---------- Supplied records ----------

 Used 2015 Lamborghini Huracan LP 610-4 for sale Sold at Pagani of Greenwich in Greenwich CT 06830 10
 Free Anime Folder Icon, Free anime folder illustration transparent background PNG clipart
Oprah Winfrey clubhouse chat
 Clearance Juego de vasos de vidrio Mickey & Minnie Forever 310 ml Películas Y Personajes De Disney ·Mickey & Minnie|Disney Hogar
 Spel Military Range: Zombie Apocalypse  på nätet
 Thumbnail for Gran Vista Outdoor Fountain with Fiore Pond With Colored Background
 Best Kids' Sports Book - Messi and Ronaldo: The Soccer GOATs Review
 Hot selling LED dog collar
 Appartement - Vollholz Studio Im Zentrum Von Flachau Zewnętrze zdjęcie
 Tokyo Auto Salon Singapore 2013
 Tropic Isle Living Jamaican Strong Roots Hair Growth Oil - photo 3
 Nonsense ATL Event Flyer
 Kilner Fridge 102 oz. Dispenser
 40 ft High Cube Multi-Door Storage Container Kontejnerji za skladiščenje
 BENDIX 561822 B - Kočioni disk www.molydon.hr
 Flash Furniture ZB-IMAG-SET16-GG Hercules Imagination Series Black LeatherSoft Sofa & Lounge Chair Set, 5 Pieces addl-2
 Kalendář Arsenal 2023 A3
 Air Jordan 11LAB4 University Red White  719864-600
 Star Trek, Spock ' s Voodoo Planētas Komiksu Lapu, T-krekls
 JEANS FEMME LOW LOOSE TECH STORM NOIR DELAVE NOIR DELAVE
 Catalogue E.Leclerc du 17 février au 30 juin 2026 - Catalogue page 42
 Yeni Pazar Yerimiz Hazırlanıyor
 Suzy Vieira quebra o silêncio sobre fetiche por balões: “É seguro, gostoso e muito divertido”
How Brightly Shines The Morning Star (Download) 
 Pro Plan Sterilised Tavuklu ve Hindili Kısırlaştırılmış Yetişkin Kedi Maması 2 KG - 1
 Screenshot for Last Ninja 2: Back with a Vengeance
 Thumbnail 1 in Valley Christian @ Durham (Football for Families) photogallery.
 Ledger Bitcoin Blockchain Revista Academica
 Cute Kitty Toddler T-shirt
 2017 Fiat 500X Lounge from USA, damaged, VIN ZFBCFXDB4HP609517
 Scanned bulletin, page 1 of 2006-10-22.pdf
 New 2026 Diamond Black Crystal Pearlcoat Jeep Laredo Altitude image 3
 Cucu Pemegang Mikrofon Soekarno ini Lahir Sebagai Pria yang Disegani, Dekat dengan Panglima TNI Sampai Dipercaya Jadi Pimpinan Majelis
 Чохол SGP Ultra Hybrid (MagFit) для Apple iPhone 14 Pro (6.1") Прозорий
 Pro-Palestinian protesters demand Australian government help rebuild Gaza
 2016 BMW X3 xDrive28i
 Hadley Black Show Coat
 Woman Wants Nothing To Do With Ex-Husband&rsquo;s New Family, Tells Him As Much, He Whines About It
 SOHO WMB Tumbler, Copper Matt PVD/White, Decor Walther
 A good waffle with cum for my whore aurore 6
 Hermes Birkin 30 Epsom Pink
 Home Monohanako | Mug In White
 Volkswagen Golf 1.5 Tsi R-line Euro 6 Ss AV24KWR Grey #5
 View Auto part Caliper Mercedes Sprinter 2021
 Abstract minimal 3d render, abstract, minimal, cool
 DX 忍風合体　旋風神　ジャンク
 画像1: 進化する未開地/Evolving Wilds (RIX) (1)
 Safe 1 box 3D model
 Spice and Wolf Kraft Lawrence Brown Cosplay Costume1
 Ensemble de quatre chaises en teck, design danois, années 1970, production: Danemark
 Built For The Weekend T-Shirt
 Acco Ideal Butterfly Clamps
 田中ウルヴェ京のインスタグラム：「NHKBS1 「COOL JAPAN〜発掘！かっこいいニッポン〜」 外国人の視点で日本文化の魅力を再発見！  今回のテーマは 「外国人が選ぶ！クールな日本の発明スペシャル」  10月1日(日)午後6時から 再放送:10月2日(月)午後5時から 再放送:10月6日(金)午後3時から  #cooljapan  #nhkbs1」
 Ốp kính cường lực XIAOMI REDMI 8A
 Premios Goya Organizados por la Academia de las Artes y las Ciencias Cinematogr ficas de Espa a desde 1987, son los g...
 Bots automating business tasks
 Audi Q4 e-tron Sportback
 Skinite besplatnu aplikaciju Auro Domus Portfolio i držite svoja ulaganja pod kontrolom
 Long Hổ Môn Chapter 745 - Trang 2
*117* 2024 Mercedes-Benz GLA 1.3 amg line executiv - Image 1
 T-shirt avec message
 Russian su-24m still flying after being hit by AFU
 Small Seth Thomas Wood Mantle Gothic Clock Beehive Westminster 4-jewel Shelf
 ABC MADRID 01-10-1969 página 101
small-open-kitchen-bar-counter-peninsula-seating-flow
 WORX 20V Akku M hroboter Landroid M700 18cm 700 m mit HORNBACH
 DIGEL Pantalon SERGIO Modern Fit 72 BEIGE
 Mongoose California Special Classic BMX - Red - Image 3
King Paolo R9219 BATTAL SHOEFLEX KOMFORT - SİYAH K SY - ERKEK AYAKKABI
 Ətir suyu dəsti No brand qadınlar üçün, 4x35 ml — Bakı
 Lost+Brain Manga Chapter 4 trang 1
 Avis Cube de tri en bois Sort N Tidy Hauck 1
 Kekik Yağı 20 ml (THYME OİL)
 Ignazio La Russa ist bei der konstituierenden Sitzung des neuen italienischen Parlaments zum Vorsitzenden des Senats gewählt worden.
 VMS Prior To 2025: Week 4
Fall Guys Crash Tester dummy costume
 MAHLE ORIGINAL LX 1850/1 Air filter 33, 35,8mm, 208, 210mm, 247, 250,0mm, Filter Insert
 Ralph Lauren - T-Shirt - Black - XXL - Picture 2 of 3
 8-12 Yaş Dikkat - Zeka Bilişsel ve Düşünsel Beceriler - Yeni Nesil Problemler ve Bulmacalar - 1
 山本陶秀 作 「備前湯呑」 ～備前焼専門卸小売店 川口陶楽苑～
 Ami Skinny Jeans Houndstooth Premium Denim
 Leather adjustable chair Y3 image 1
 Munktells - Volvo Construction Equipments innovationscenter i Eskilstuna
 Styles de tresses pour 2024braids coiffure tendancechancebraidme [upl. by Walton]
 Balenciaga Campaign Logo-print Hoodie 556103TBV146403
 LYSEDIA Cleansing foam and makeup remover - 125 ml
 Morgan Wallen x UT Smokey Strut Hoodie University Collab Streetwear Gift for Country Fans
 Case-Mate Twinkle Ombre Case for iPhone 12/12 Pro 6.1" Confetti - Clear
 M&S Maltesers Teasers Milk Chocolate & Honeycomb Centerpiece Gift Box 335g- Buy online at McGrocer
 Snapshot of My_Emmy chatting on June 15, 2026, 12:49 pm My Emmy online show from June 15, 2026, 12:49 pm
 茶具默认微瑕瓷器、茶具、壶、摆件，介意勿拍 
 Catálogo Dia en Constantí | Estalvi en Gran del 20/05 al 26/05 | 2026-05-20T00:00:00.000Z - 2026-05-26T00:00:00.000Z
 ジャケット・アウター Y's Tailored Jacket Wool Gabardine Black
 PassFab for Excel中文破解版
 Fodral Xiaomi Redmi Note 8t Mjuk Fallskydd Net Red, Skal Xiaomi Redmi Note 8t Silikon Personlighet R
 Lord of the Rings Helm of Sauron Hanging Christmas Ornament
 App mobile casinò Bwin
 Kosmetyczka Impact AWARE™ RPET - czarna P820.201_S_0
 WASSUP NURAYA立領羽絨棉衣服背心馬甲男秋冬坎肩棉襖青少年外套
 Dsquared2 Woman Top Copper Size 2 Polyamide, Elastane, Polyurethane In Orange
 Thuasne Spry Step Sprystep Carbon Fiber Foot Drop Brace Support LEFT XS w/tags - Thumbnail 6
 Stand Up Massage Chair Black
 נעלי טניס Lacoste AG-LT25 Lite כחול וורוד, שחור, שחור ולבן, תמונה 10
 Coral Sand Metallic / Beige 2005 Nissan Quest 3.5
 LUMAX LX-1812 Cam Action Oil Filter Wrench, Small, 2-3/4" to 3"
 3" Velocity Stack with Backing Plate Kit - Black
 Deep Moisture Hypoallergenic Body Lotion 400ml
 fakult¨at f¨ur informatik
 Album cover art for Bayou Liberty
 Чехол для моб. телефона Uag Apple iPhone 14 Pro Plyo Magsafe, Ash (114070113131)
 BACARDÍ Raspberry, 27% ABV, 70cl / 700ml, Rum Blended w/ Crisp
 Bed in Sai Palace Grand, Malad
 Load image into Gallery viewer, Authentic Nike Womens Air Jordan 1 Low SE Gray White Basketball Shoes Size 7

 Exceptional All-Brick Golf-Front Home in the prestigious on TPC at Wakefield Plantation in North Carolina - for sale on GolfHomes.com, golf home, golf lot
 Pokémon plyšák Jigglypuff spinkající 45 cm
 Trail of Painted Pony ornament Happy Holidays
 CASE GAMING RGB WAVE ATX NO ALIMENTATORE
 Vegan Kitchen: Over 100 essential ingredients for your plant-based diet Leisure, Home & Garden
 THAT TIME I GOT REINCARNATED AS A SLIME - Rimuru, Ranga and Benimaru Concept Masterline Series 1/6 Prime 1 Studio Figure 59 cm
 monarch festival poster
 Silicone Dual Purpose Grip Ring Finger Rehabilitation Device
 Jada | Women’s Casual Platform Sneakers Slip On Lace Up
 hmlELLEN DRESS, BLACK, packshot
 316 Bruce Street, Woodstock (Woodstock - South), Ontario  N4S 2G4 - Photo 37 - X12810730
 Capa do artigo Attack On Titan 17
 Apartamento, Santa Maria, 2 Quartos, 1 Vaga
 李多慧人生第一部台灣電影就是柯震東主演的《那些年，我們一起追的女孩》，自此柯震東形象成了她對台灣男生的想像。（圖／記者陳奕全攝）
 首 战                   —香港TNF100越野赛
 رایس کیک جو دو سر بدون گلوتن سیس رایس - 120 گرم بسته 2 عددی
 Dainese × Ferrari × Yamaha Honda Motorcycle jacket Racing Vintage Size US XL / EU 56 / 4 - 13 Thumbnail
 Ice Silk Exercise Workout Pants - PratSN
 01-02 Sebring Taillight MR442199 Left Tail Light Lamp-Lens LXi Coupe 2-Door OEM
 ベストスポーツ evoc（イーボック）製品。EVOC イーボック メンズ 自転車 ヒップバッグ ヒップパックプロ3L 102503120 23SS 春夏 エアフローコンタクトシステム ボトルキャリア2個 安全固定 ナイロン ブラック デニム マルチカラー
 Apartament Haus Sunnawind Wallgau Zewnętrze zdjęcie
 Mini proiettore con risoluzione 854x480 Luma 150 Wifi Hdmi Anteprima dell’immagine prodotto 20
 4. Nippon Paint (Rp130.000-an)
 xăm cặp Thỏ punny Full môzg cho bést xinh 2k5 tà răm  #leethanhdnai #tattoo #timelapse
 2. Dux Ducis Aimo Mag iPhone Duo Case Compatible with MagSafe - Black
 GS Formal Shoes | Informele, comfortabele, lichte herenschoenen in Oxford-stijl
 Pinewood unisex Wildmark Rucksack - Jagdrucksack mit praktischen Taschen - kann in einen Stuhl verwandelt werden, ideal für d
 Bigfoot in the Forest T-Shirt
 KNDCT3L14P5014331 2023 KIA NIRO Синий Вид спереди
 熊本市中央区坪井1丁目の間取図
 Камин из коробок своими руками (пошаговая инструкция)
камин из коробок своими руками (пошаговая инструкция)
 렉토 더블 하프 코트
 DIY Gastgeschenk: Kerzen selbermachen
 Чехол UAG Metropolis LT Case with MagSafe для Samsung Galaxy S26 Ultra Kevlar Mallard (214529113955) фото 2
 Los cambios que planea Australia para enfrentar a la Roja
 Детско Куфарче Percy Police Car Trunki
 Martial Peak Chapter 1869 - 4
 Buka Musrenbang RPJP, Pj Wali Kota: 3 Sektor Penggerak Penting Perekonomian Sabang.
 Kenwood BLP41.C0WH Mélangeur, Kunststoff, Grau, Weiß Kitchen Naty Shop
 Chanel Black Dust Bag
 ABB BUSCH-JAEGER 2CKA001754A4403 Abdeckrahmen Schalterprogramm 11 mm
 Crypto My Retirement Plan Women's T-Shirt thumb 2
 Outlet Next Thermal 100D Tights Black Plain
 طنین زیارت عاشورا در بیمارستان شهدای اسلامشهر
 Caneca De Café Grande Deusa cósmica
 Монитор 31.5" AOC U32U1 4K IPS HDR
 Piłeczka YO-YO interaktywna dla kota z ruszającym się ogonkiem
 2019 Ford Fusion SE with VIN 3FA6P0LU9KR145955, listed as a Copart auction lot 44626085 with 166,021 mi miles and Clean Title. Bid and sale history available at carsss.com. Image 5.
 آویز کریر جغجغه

----------

§ Your instructions
Look through the entries above and quote exactly the lines from the line with "Martial Peak Chapter 1869 - 4" to the line with "Crypto My Retirement", counting both of those lines.

§ Completed exercise
 Martial Peak Chapter 1869 - 4
 Buka Musrenbang RPJP, Pj Wali Kota: 3 Sektor Penggerak Penting Perekonomian Sabang.
 Kenwood BLP41.C0WH Mélangeur, Kunststoff, Grau, Weiß Kitchen Naty Shop
 Chanel Black Dust Bag
 ABB BUSCH-JAEGER 2CKA001754A4403 Abdeckrahmen Schalterprogramm 11 mm
 Crypto My Retirement Plan Women's T-Shirt thumb 2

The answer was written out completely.